Mike Maxwell and his friend Phillipe got on hybrid stripers in Spruce Run Reservoir little more than a week ago, dropped herring among them, and began hooking up. I happened on the two of them with Phillipe's trailered boat in front of Mike's house as I came home from work, and my hopes for this Lake Hopatcong trip with my family rose. But you know how it is, if you fish hybrids in the summer. Not the same as May or October, not when it comes down to catch expectancy. I know guys like Zach Merchant on Spruce Run, and Ed Mackin on Lake Hopatcong, score frequently. Guys with thorough knowledge of fish movements in these waters, highly skilled with sophisticated techniques. They put in the time and the effort necessary to achieve results that would graph a little exponentially during the slow summer season.
Laurie at Dow's Boat Rentals told me the hybrids have been moving along the shelf from Bonaparte Point to Sharp's Rock across the lake from her Nolan's Point station. Someone or other had action inside Davis Cove the other day, hybrids actually boiling the surface, a situation reminiscent of springtime, although I've never seen hybrids go on the jump during the earlier season. We started there and worked our way to Sharp's, having fished the Pickerel Point area thoroughly, something having grabbed one of Matt's herring. I should have made sure my fish finder was charged; apparently, it got inadvertently turned on, and so we had some but very limited use of it. My mistake was to forget to disengage the power terminals from the battery stored with the unit.

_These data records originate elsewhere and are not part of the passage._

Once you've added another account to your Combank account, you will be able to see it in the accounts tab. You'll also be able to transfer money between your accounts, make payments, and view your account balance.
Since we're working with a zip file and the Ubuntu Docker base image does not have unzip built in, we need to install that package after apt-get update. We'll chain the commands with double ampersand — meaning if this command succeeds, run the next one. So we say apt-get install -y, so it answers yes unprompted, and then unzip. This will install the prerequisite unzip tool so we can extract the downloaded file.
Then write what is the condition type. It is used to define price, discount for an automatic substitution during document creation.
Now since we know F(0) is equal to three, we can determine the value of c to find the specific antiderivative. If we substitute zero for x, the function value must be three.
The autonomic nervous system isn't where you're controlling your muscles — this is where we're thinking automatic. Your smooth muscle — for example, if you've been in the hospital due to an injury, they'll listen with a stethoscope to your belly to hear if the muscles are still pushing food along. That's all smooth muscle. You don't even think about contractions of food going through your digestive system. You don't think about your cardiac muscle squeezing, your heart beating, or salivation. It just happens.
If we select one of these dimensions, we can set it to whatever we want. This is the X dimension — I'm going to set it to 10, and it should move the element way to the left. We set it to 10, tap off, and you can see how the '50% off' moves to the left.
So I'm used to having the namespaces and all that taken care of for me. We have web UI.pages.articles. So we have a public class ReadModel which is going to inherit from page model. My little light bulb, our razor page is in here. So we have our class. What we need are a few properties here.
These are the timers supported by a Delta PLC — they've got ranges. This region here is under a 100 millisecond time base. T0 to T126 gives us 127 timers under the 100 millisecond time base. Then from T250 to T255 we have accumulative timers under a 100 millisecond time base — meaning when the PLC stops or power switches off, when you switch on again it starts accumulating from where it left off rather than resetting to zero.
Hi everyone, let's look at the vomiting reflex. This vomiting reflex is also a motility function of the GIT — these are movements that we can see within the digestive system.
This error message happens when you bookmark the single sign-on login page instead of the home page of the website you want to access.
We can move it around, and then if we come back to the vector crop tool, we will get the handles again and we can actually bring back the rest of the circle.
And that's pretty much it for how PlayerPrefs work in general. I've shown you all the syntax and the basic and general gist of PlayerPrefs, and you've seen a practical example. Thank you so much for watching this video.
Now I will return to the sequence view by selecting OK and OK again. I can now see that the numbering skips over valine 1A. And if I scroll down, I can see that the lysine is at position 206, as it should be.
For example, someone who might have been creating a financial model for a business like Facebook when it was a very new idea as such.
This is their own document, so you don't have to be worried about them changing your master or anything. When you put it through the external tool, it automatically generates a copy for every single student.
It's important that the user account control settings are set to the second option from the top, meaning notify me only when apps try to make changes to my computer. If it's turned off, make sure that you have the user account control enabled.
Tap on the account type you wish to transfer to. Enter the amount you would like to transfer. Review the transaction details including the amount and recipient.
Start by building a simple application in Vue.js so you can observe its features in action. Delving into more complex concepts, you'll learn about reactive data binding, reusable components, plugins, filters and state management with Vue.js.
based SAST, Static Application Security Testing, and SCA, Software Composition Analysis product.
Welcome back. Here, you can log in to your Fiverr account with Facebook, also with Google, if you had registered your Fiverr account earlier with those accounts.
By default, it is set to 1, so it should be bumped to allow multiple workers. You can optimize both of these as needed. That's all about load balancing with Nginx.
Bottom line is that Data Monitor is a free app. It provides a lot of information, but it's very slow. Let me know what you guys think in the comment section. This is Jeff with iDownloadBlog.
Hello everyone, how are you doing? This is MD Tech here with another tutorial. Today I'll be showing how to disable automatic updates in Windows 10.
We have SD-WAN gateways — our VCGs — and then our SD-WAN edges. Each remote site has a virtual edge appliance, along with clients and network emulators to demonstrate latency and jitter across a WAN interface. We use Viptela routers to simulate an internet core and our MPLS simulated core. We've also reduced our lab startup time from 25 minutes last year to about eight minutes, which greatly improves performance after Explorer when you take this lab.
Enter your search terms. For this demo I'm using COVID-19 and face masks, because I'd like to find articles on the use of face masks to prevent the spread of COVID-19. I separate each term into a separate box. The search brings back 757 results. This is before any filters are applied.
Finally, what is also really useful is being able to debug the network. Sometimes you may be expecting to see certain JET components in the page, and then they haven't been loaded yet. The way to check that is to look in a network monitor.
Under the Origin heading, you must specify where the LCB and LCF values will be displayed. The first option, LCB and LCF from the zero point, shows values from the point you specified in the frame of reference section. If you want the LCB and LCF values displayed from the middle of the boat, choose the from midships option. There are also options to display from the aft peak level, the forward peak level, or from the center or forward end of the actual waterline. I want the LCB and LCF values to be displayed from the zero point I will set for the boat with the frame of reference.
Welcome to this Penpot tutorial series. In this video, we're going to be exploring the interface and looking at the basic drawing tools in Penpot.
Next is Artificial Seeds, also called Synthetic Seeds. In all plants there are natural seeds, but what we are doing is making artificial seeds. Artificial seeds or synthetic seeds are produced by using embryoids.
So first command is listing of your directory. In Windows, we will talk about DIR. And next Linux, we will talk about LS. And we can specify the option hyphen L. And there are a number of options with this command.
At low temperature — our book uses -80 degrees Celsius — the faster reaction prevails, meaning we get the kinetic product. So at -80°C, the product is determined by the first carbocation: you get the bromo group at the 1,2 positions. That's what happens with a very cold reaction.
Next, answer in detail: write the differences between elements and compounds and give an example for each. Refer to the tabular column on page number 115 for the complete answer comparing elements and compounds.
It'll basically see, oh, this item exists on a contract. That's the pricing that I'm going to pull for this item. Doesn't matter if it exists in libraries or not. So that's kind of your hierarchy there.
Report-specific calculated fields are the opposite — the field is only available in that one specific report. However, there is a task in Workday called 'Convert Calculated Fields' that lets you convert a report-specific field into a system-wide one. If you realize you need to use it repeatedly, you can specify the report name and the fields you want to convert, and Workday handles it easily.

The day had already worn on well, when by a sort of inevitable motivation I decided we go try the ledge, where at least I caught a smallmouth a year ago, and also a six-pound walleye last October. We drifted this small range of that edge across the lake from where hybrids have been moving recently--out beyond the drop-off, on that drop, and in a ways--for more than an hour, Matt catching a nice-size yellow perch we took home for part of our dinner afterwards, that on a live herring, but also a pumpkinseed on chicken liver, both of these fish from the shallower side of the ledge; all the while we made sure not to weight baits too deeply, as the lake stratifies without oxygen deeper than about 25 feet. The water temperature at the surface, however, ranged between 74 and 76.
Well, rather than stay on that edge, I had Bonaparte Point prominently in mind, because just west of this spot I have marked a lot of hybrids in the past. So we got at least 20 minutes fishing that area and the point thoroughly before the sun touched down and we motored back. By that time, Patricia was well into reading a John Grisham novel, having read Mary Astor's Purple Diary: The Great American Sex Scandal of 1936 by Edward Sorel cover to cover, all during this afternoon on the water.
Cliff's Homemade Ice Cream is a busy place, and listed among the top 33 American ice cream joints by the Huffington Post.